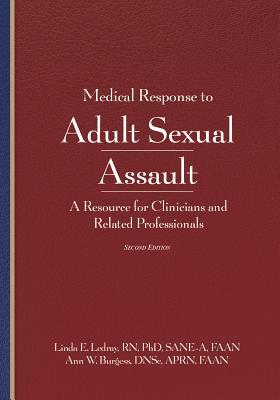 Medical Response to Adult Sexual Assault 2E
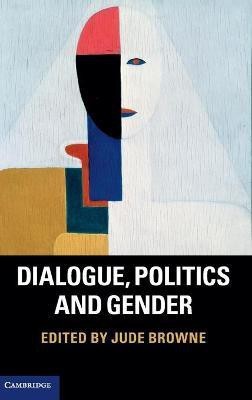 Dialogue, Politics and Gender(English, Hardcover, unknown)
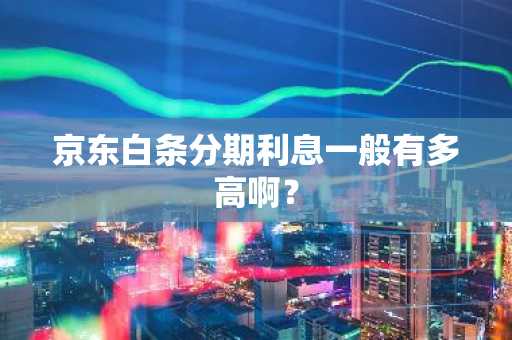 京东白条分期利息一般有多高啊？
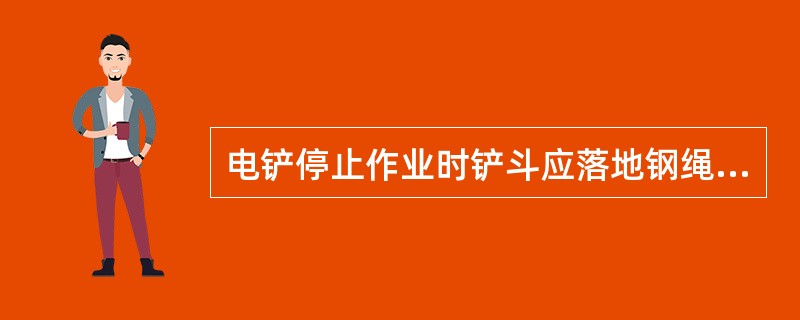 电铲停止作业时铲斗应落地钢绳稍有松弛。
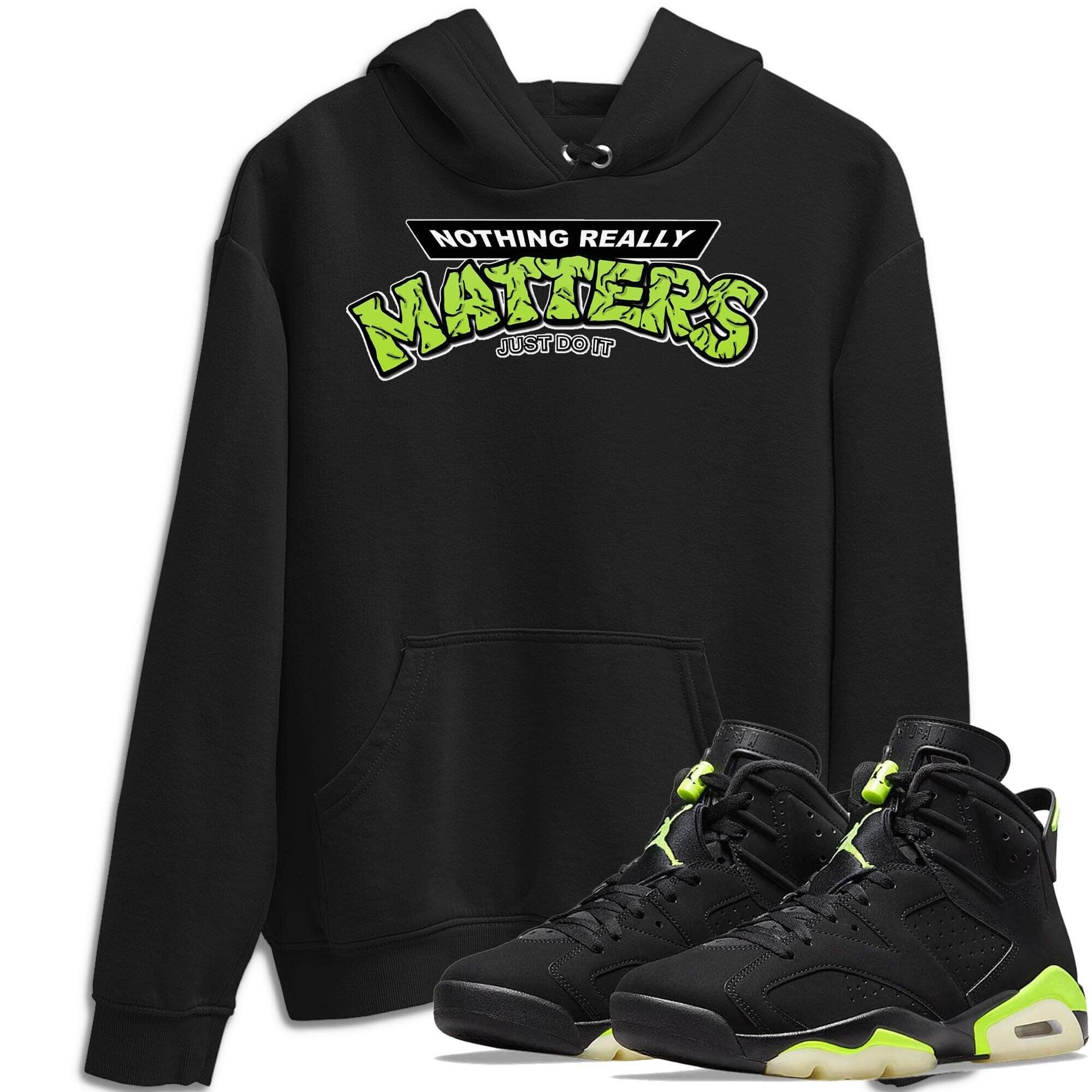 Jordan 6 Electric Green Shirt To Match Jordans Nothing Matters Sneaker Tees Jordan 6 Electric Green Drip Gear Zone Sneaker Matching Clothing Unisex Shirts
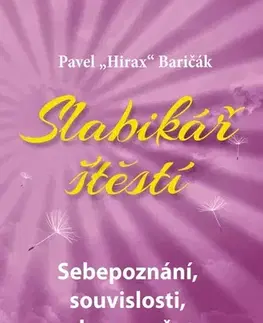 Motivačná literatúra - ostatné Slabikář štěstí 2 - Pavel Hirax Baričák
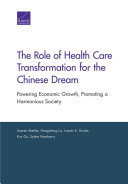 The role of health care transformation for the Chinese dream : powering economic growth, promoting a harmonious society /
★ ★ ★ ★ ★ ★ ★
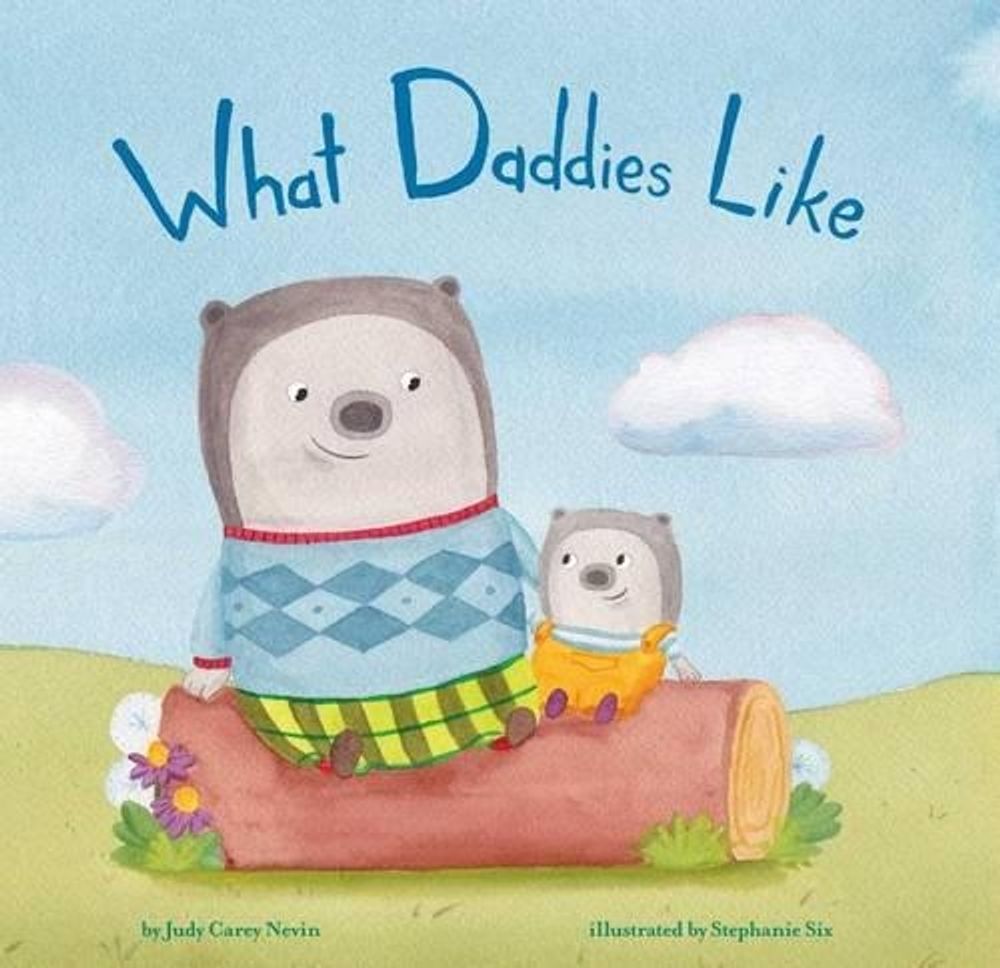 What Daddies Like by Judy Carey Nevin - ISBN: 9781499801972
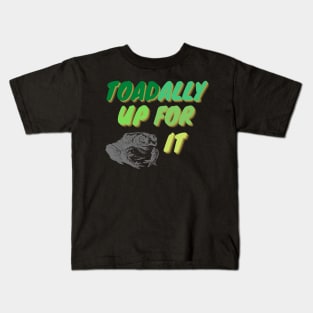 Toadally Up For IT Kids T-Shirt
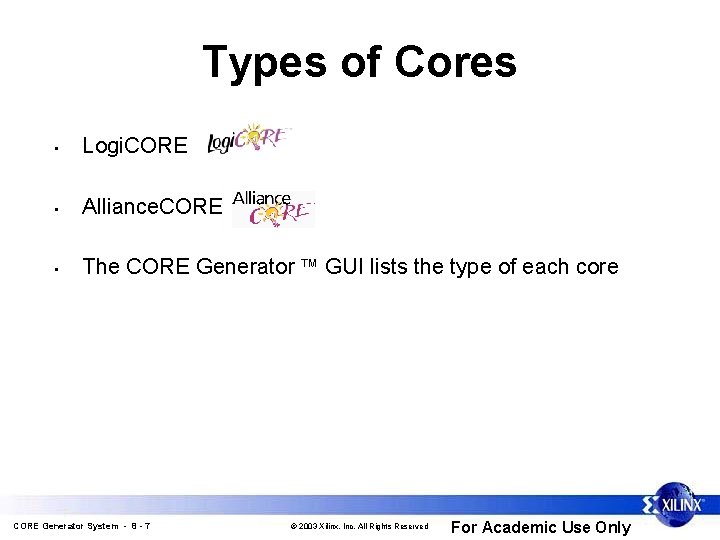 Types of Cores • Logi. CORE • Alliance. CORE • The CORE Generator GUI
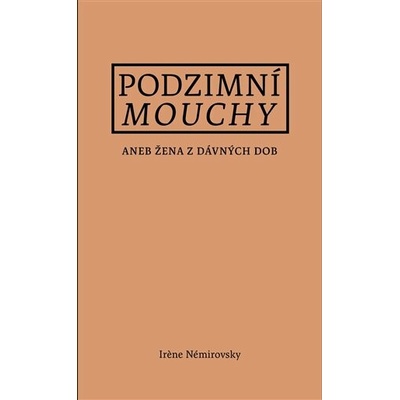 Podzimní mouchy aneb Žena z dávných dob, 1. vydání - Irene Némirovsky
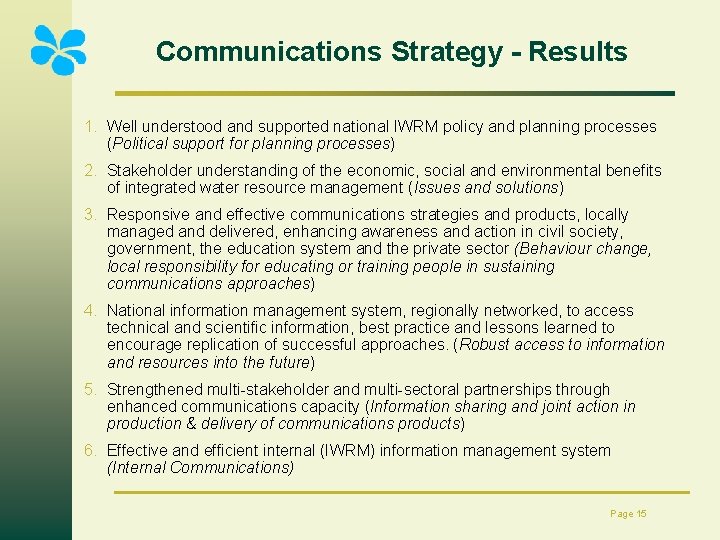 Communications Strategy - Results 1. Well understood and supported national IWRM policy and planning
★ ★ ★ ★ ★ ★ ★
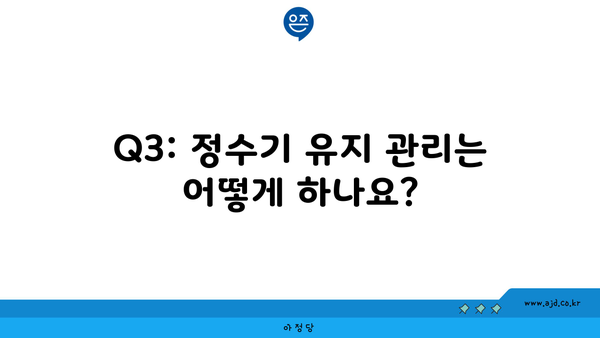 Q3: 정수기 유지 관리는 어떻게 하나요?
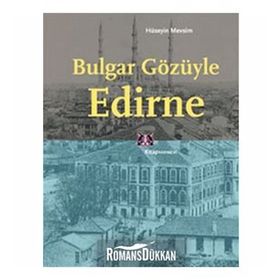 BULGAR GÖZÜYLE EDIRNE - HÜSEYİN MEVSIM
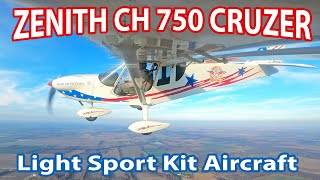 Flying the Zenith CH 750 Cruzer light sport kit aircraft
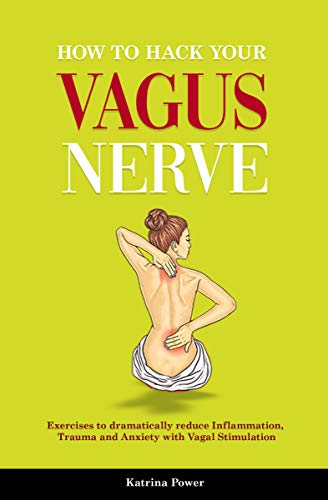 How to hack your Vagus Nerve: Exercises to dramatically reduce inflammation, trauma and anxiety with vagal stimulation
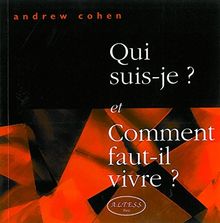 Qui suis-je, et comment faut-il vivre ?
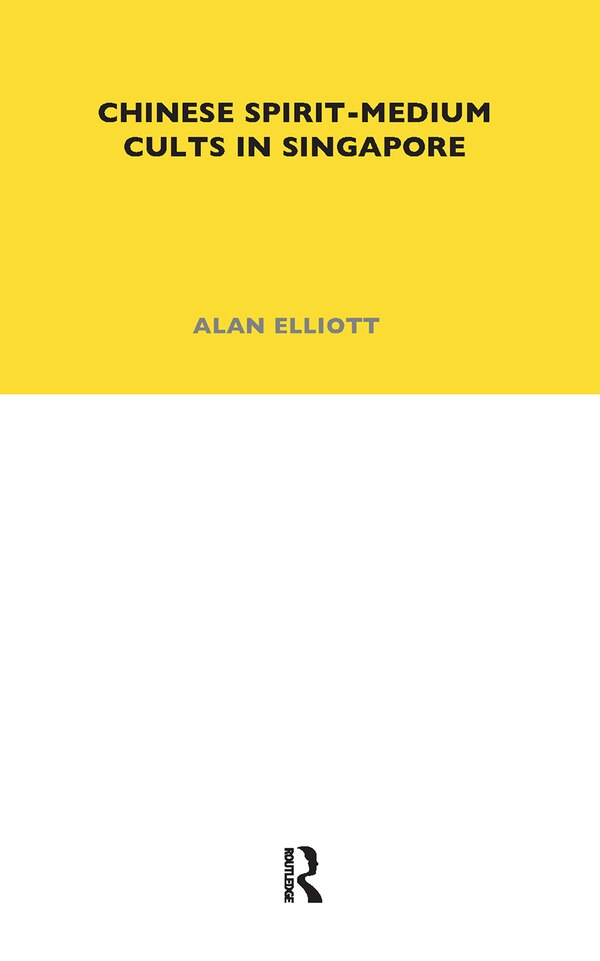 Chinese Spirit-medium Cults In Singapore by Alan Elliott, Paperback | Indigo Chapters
★ ★ ★ ★ ★ ★ ★
From the records above, copy exactly the lines starting at the one with "Medical Response to Adult Sexual Assault 2E" and ending at the one with "Motivačná literatúra - ostatné", and no others. Pictures stay out.

 Medical Response to Adult Sexual Assault 2E
 Dialogue, Politics and Gender(English, Hardcover, unknown)
 京东白条分期利息一般有多高啊？
 电铲停止作业时铲斗应落地钢绳稍有松弛。
 Jordan 6 Electric Green Shirt To Match Jordans Nothing Matters Sneaker Tees Jordan 6 Electric Green Drip Gear Zone Sneaker Matching Clothing Unisex Shirts
 Motivačná literatúra - ostatné Slabikář štěstí 2 - Pavel Hirax Baričák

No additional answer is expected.